# purpleheart bow?



## hurley0816 (Jan 12, 2009)

i have a 5 inch wide by 1/2inch thick board of purpleheart that is 8 ft long. i bought it for handles and tips, but ive been wondering if i could get a bow out of it? my concern is its onlt 1/2" thick. if i back it and put a riser on it do you think it would work? thanks


----------



## I'm Not Ted (Feb 12, 2009)

Yep. Seen it done.


----------



## ravensgait (Sep 23, 2006)

And it will look really nice... Randy


----------



## elk country rp (Sep 5, 2005)

back it with hickory or bamboo & it'll make a great shooter


----------



## J0nathan (Jan 10, 2009)

purple heard does not glue well because it is so oily, scrub the back with acetone before you put the backing on.


----------



## hurley0816 (Jan 12, 2009)

anyone have a good starting point for dimensions on a pyramid style bow made with purpleheart?


----------



## elk country rp (Sep 5, 2005)

a search on paleoplanet will turn up a few good designs. i'm working on a hickory backed ipe stave just under 1" wide & 3/4" to 1/2" thickness taper. it floor tillers (barely) stiff enough to make me think it'll pull 80# if i don't take a whole bunch of wood off. in general, i think you'll end up making it narrower than you'd make a white wood bow.


----------



## kegan (Aug 28, 2006)

hurley0816 said:


> anyone have a good starting point for dimensions on a pyramid style bow made with purpleheart?

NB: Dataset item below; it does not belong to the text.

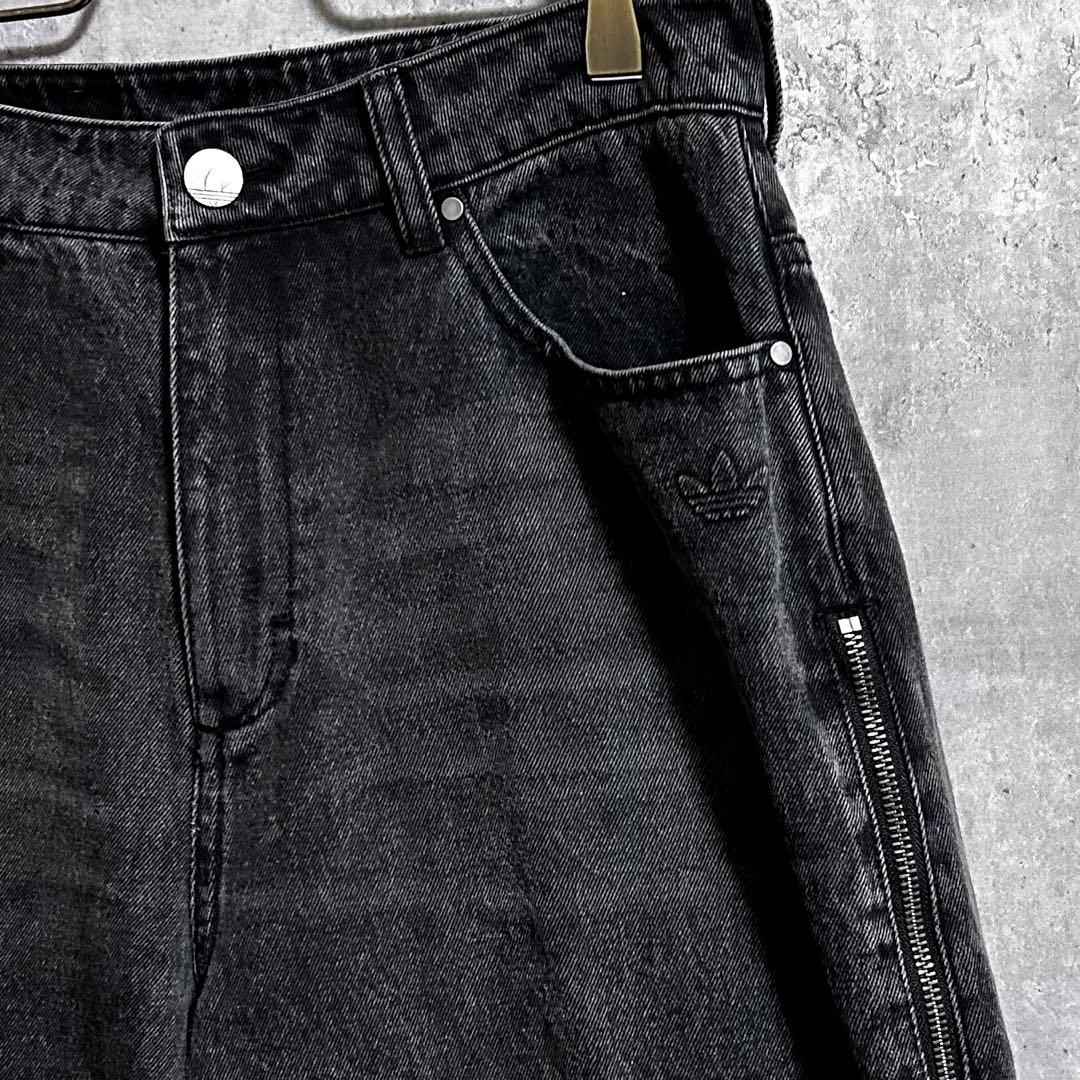 adidas ADILENIUMシーズン3ジップウォッシュド デニムパンツ28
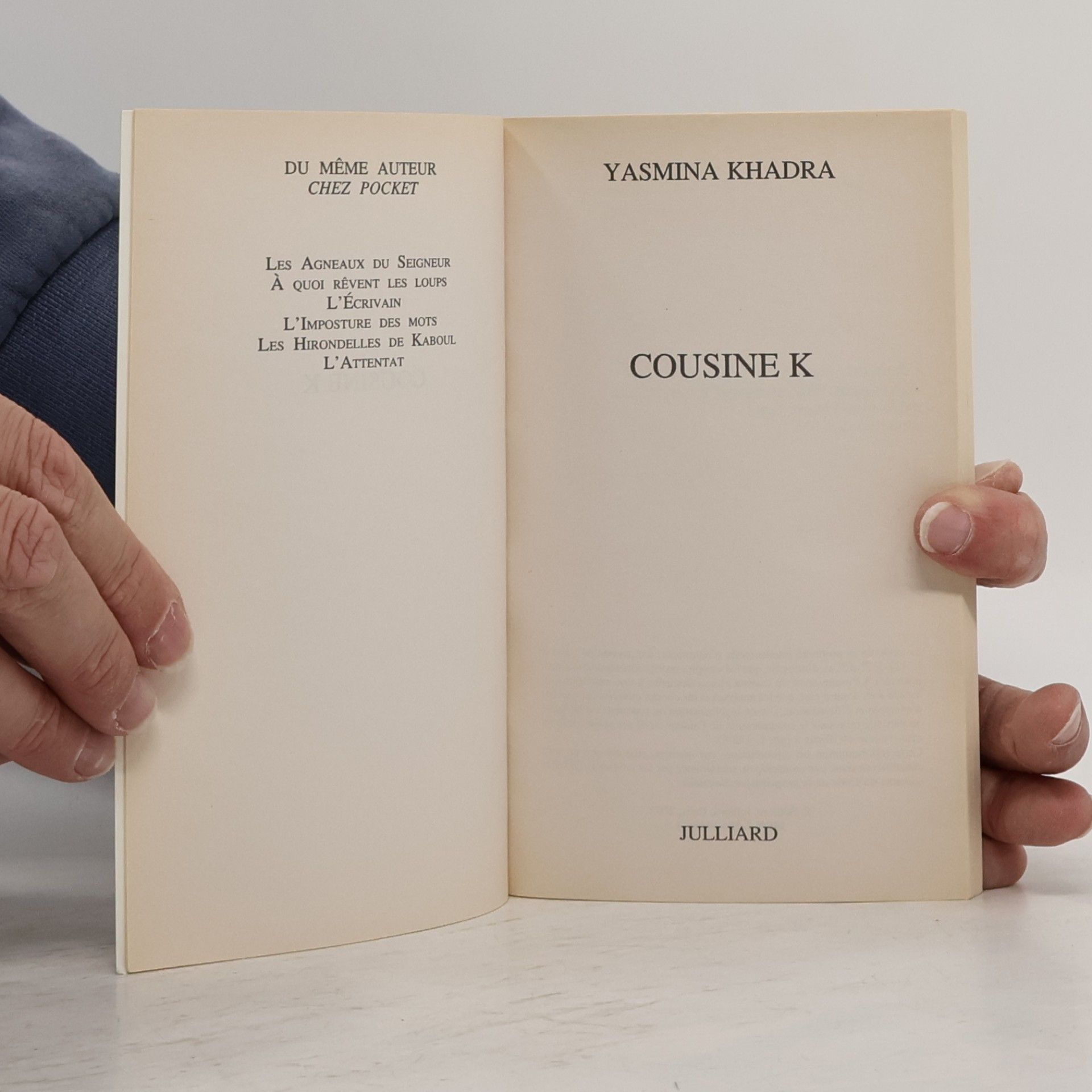 Yasmina Khadra Cousine K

You don't need to do a pyramid if you back it with hickory, or better yet bamboo. This will thicken the whole thing and give you plenty of working room. Purpleheart makes an excellent bow.


----------



## hurley0816 (Jan 12, 2009)

i dont have the money to get hickory or bamboo. after shipping im looking at 20-30 dollars.maybe someone has some extra they are willing to sell cheap? or is there an alternative? can i go with canvas or hemp as a backing? thanks


----------



## kegan (Aug 28, 2006)

hurley0816 said:


> i dont have the money to get hickory or bamboo. after shipping im looking at 20-30 dollars.maybe someone has some extra they are willing to sell cheap? or is there an alternative? can i go with canvas or hemp as a backing? thanks


Go to Frank's cane and Rush supply. Not all bow quality boo, but cheap enough to give it a try.


----------



## SandSquid (Sep 2, 2008)

J0nathan said:


> purple heard does not glue well because it is so oily, scrub the back with acetone before you put the backing on.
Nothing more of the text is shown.